What the task requires
These records contain pictures, which must be left out; copy exactly the lines from the one with "Berapa Lama Kekebalan" up to and including the one with "oiRadio - Live radio".
-------- Exercise data --------
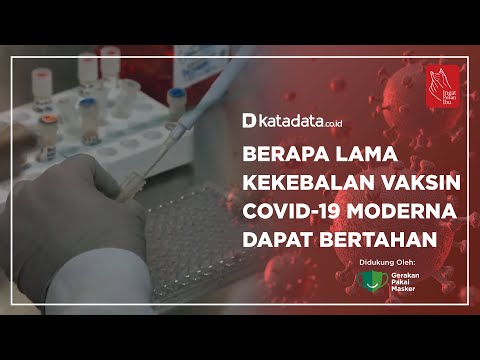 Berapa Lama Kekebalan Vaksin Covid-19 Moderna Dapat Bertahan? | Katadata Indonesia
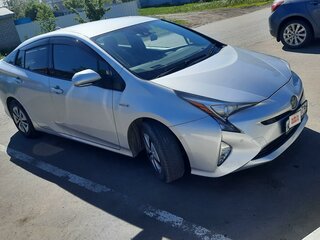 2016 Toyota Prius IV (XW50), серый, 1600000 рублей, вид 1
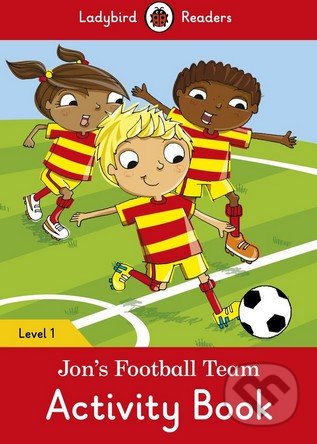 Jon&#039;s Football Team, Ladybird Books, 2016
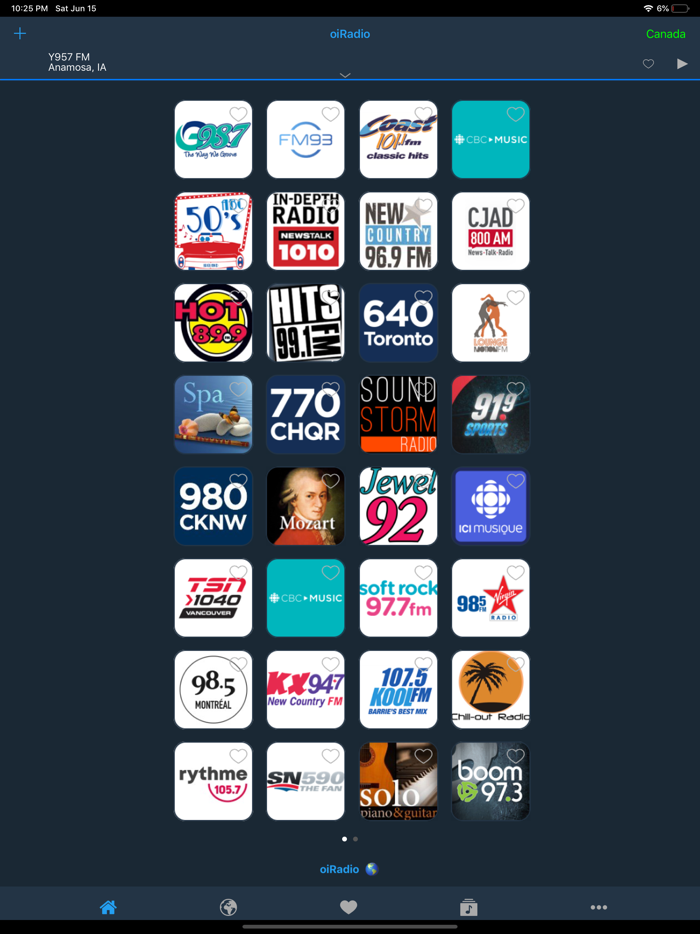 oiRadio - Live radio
--------
-------- Exercise data --------
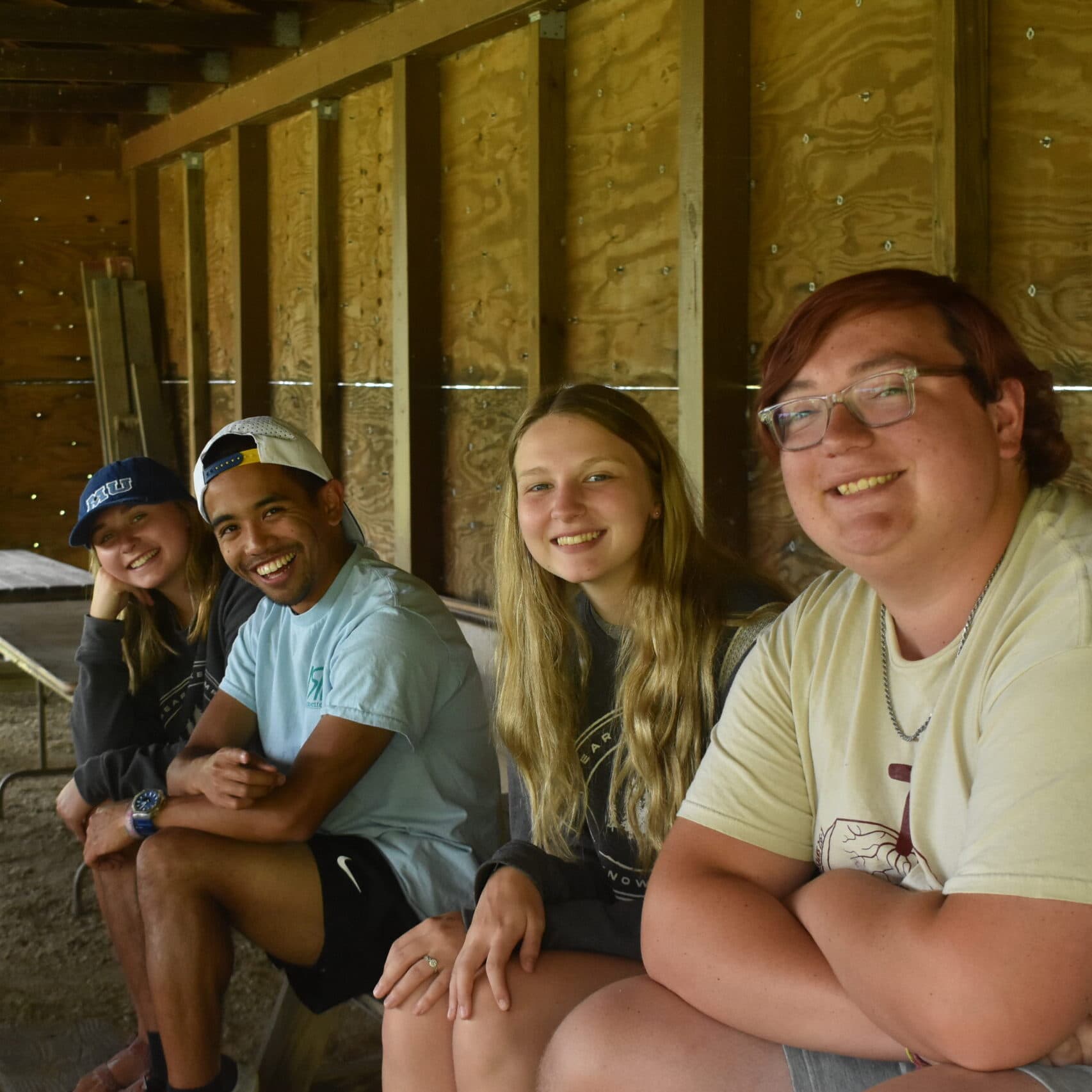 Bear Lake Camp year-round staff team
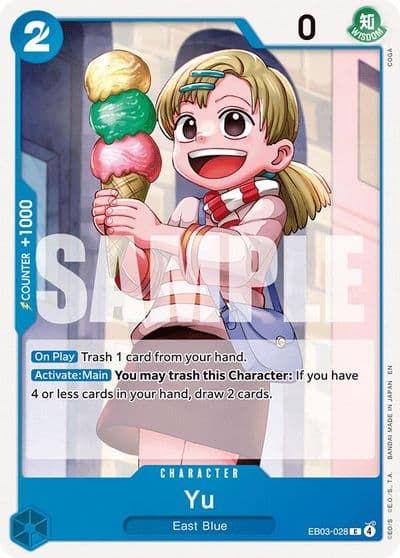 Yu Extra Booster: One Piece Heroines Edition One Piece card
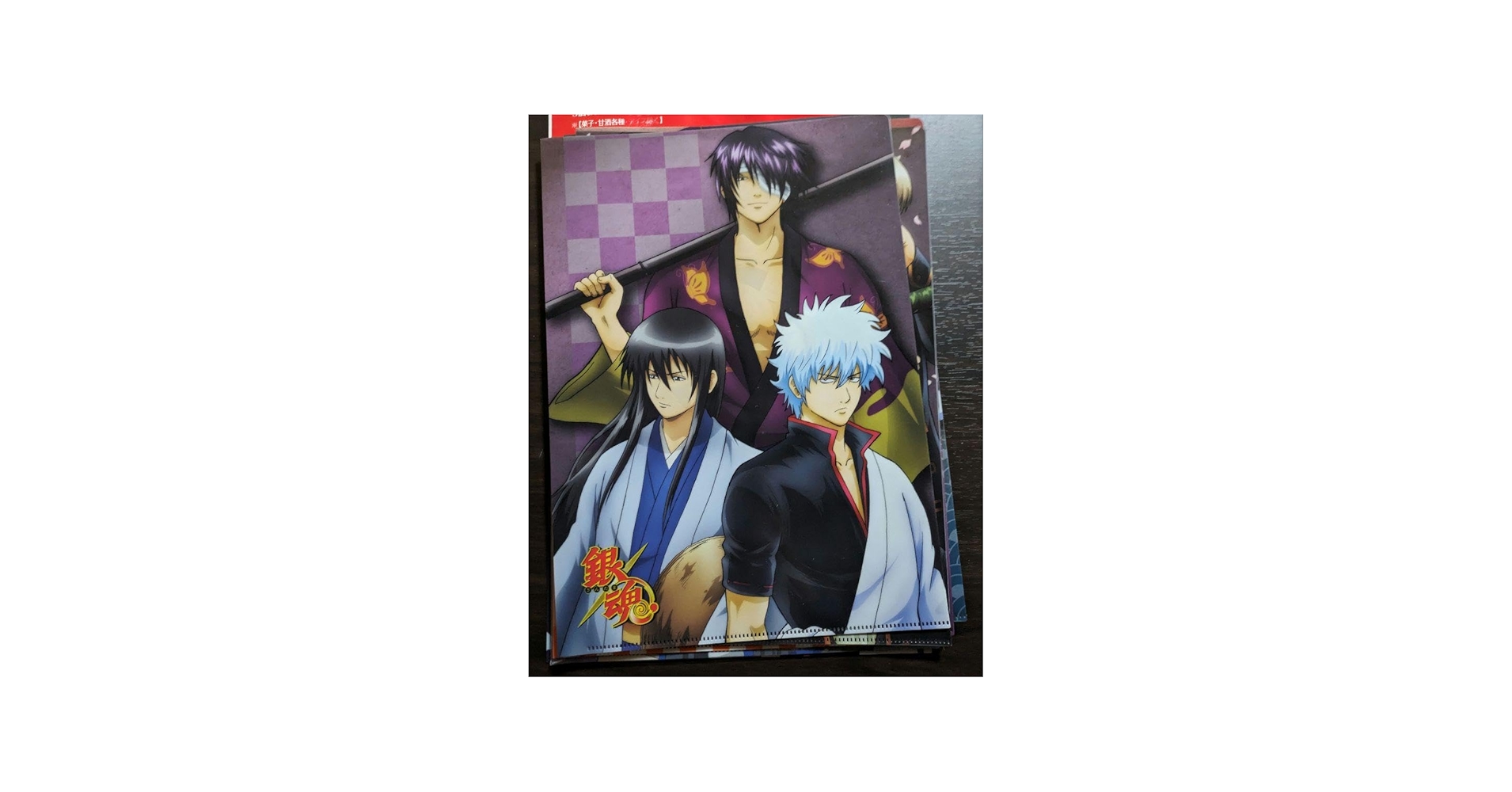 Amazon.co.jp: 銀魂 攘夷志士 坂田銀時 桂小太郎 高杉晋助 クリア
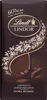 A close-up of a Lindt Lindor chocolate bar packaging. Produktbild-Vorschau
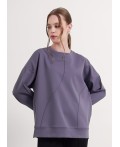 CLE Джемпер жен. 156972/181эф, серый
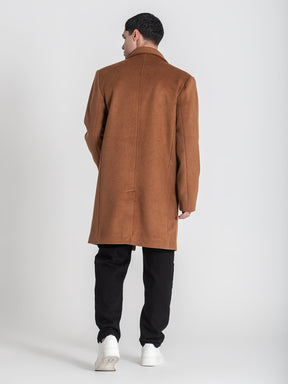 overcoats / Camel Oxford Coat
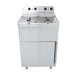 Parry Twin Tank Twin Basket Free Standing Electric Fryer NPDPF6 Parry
--------
Task response
 Berapa Lama Kekebalan Vaksin Covid-19 Moderna Dapat Bertahan? | Katadata Indonesia
 2016 Toyota Prius IV (XW50), серый, 1600000 рублей, вид 1
 Jon&#039;s Football Team, Ladybird Books, 2016
 oiRadio - Live radio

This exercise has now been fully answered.